Worauf führen Sie das aktuelle Hoch zurück?
Einerseits haben wir es geschafft, einen guten Teamspirit zu entwickeln. Die arrivierten Kräfte und die Neuzugänge harmonieren miteinander. Auf der anderen Seite konnten wir uns mit überdurchschnittlichen Spielern wie Nico Siegrist und Mario Bühler verstärken. Aber auch die anderen Neuzugänge wussten von Beginn an zu überzeugen. Die knappen Siege zu Beginn der Saison verliehen uns zusätzlich Selbstvertrauen. Bereits in der Vorbereitung konnten wir einen exzellenten Drive entwickeln. Dies fehlte uns im Vorjahr.
Trainer Roland Schwegler ist nun in seiner zweiten Saison beim SC Cham. Kommt nun seine Handschrift zum Tragen?
Absolut. Als er letzte Saison zu uns gekommen ist, hatten wir auch innerhalb der Mannschaft viele Wechsel. Entsprechend brauchte es Zeit, bis sich die Automatismen entwickelten und sich eine neue Hierarchie unter den Spielern etablierte.

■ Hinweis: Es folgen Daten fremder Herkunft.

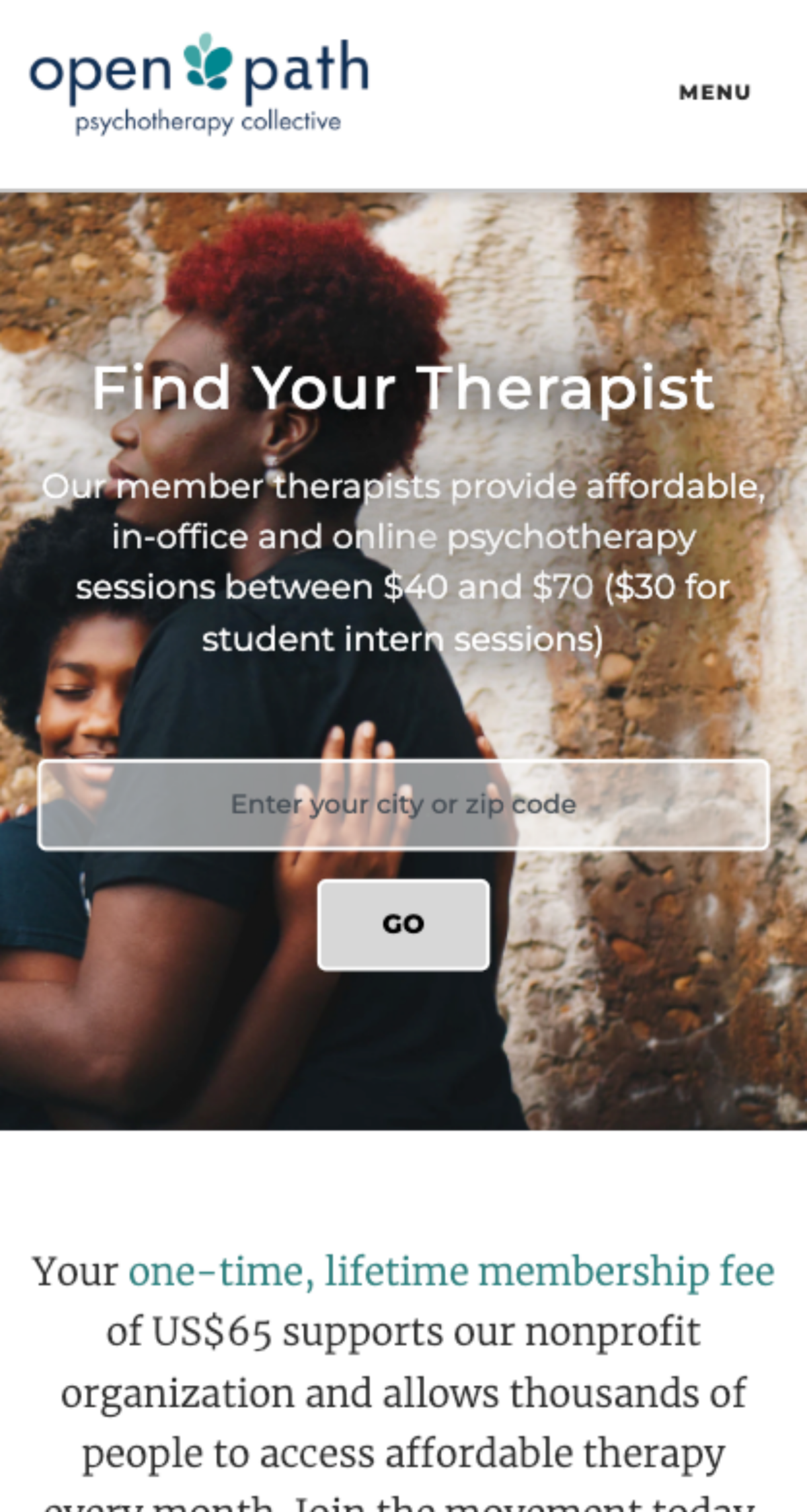 Visual Reference: We Tried And Tested The Best Online Anxiety Treatments Of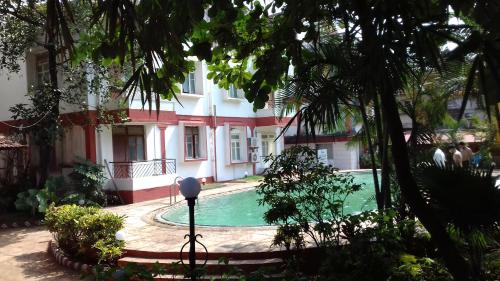 Goa Budget Hotels
Goa Budget Hotels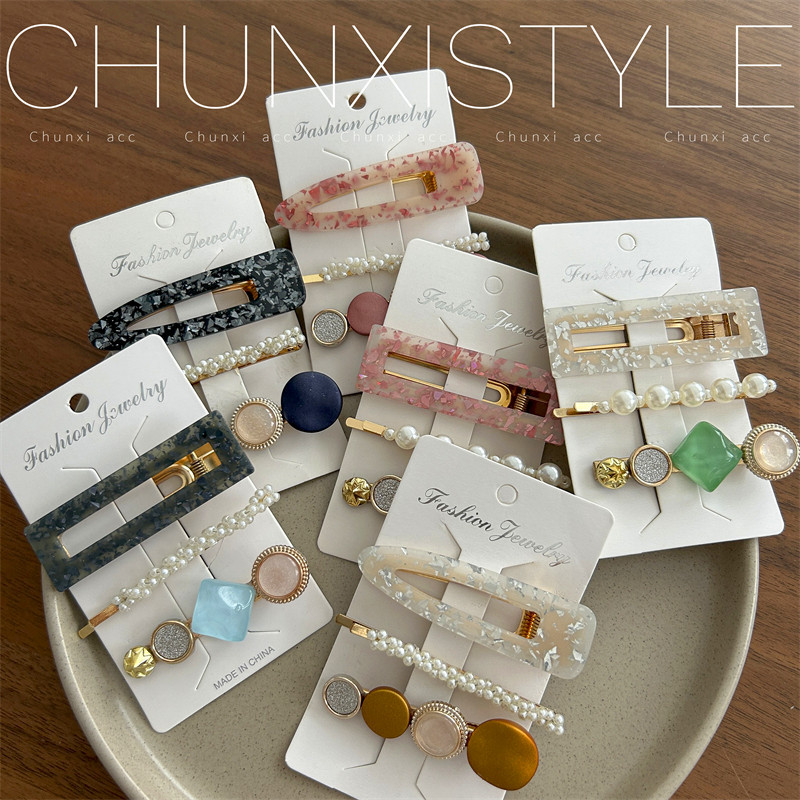 2024★髪飾り★ヘアアクセサリー★ヘアピン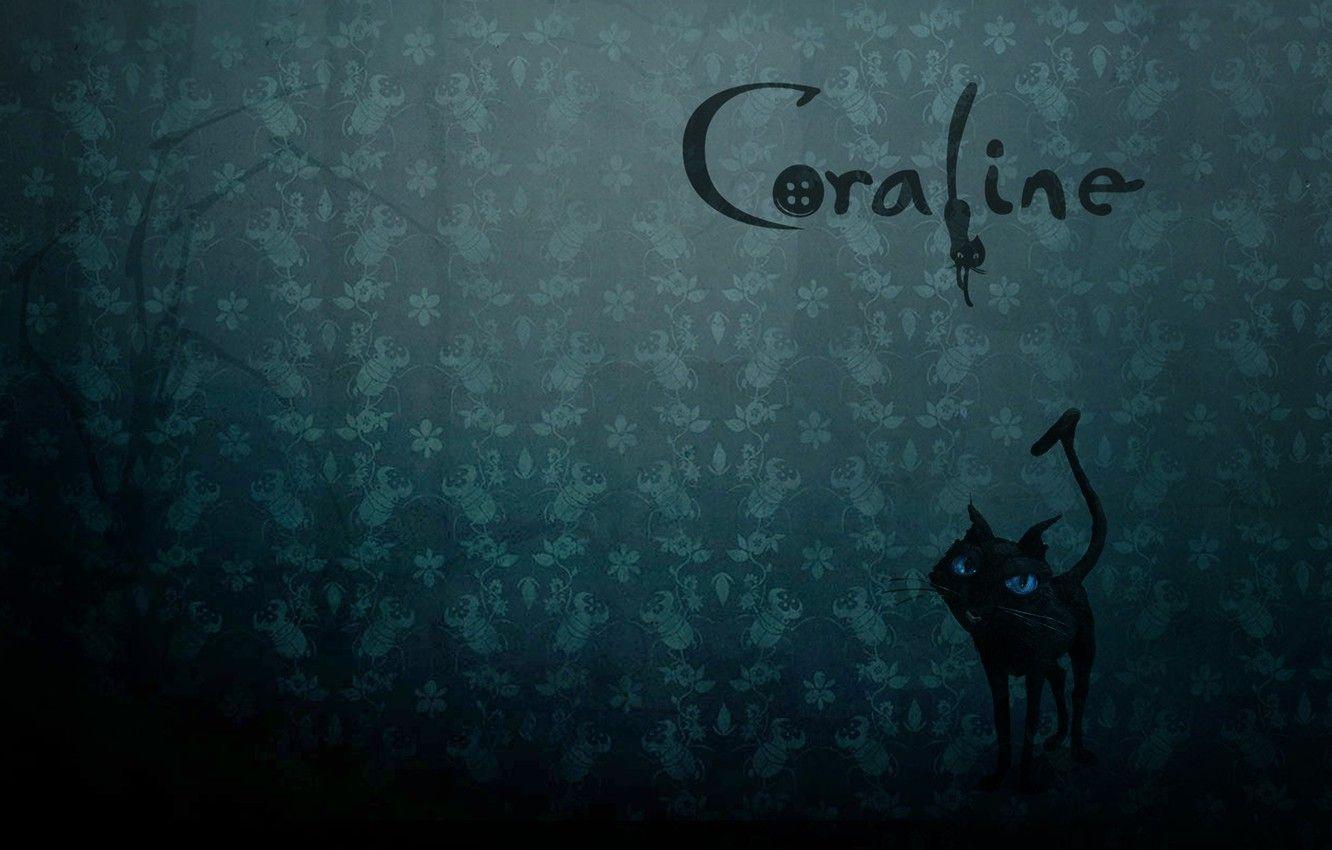 Coraline Desktop Wallpapers - Top Free Coraline Desktop Backgrounds ...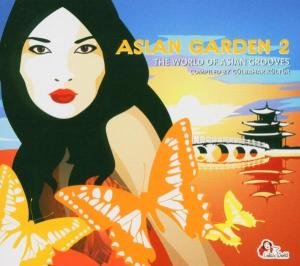 Asian Garden. Volume 2 Various Artists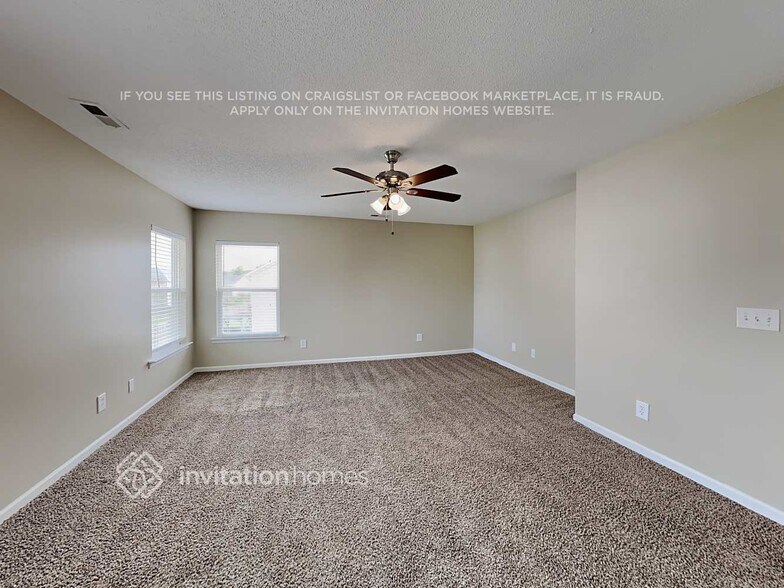 Building Photo - 6113 Mansura Dr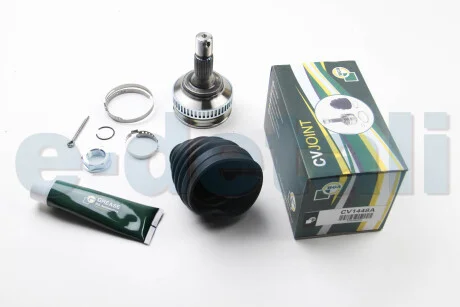ШРКШ со смазкой в комплекте BGA CV1448A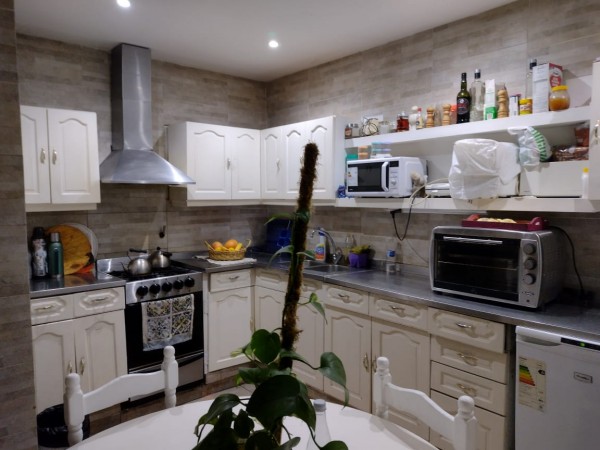 Chalet con 5 dormitorios en Paso del Rey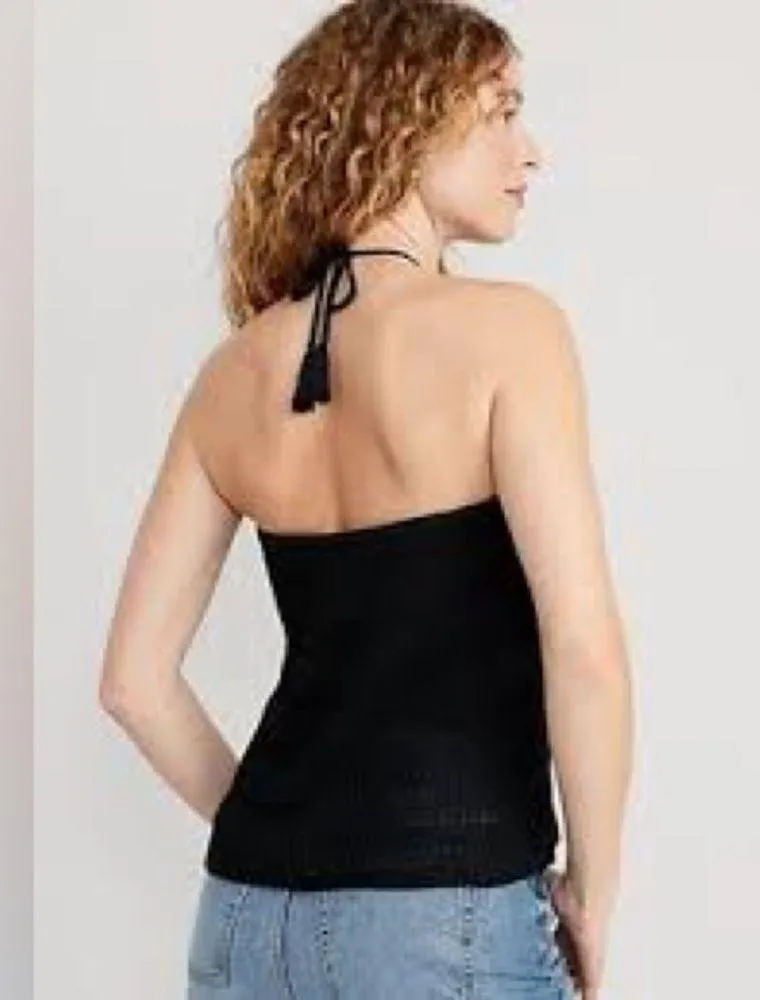 NWOT Old Navy Halter Top for Women size XL - Image 2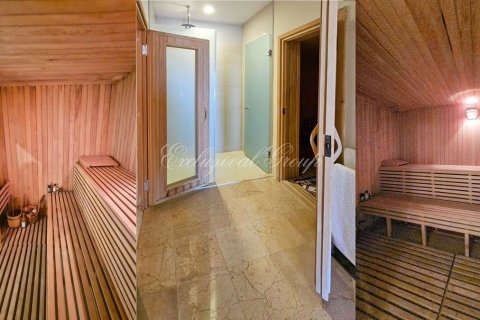 13+7 Villa i Bodrum, Mugla, Turkiet Nr. 188540 - 25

Obwohl es sportlich läuft, ist es für den Verein coronabedingt keine einfache Zeit. Wie es mit sportlichen Veranstaltungen in nächster Zeit weitergeht, ist ungewiss. Könnte der SC Cham den Spielbetrieb über längere Zeit mit coronabedingten Einschränkungen aufrechterhalten? Sprich, einem begrenzten Zuschauerkontingent oder gar komplett ohne Fans.
Aktuell haben wir aufgrund unserer guten Leistungen gar steigende Zuschauerzahlen. Davon sind viele Vereinsmitglieder. Entsprechend leben wir nicht primär von den Zuschauereinnahmen. Ein halbes Jahr oder so könnten wir tatsächlich auch so überbrücken. Aber wir hoffen natürlich, dass es nicht so weit kommt und wir weiterhin auf unsere treuen Fans zählen können.
Im August musste die Mannschaft aufgrund eines positiv getesteten Spielers in Quarantäne. Wie haben Sie diesen Schockmoment erlebt, als die Nachricht kam?
Es kam natürlich aus dem Nichts. Plötzlich kam ein SMS eines Spielers, er sei positiv getestet worden. Wir waren darauf nicht vorbereitet und waren unsicher, wie vorzugehen. Die ganzen Abklärungen kosteten mich Energie – aber natürlich auch die Mannschaft, die zehn Tage lang in Quarantäne musste. Für manchen Spieler rückte der Fussball in diesem Moment in den Hintergrund, machte sich vielmehr Gedanken, was mit dem Arbeitgeber passieren würde, sollte sich dies wiederholen.
Zurück zum Sportlichen. Für den SC Cham ist die Challenge League bekanntlich keine Option, zu hoch sind die Anforderungen, unter anderem an die Infrastruktur. Sind Ihrer Meinung nach die Anforderungen von Seiten der Swiss Football League zu hoch?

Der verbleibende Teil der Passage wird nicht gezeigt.